まず、どうした人権系大学?と揶揄を入れたいところだが、よくよむと適切な対応を大学側がとっている点で、人権系大学の面目躍如とは言える。しかし、これがはらむ問題とその解決は意外とやっかいだ。
(1)男子学生の中傷は、いわゆる犠牲者非難(=被害にあった奴に非があるという類の中傷)を構成するということ。これは人権侵害にあたる。
(2)このような中傷をネットでおこなうことで、いわゆる「セカンド・レイプ」つまり精神上の陵辱行為をおこなっているという問題。当該の男子学生は、そのような意識がない、あるいは「抑制がきかない」ために、ネットでの中傷行為に及んだということ。

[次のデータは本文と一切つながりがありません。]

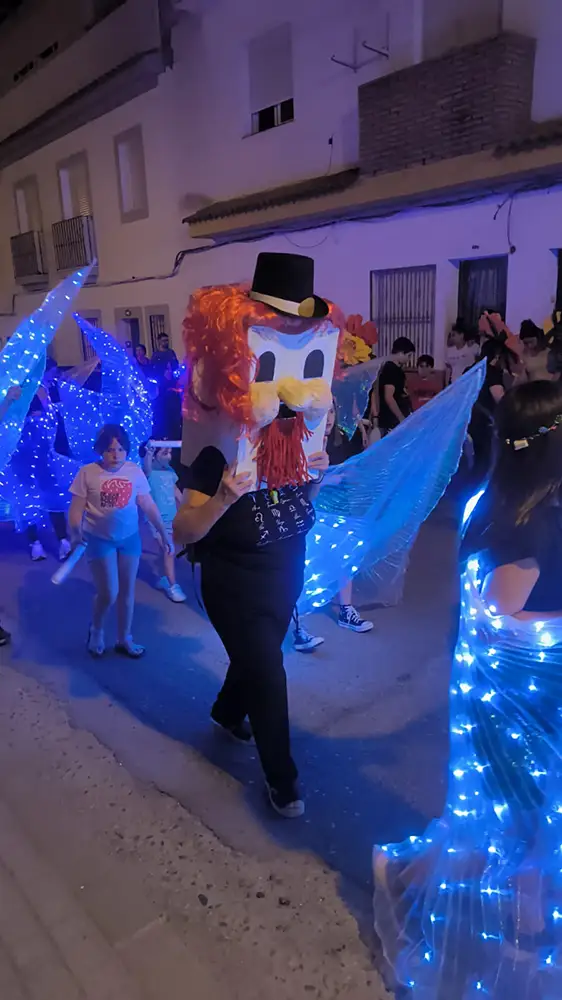 Imágenes del Taller de Cabezudos en la Barriada de Los Ángeles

(3)これが当該の学生にとって言論の自由への侵害に当たるかどうかということ。自由を保障することと、中傷という加害行為を天秤にかけなければならない。
(4)また男子学生が、匿名で書き込みをしたのであれば、その書き込み者を特定するために、どのような権力が行使されたかということ。
(5)容疑者の所属していた大学の最初の拙速な対応が、ネットユーザーをして、この種の「潜在的加害者」のあぶり出しに対して、道徳的に過剰に反応していないかという点。_RR大学の男子学生は社会から道徳的に非難されて当然だと思うのだが、この学生がなぜ実習を停止させられたのかということについて、深く理解しない限り、取締に対する(みずから犯罪者を擁護するかのような)愚かなネット書き込みが後を絶たないだろう。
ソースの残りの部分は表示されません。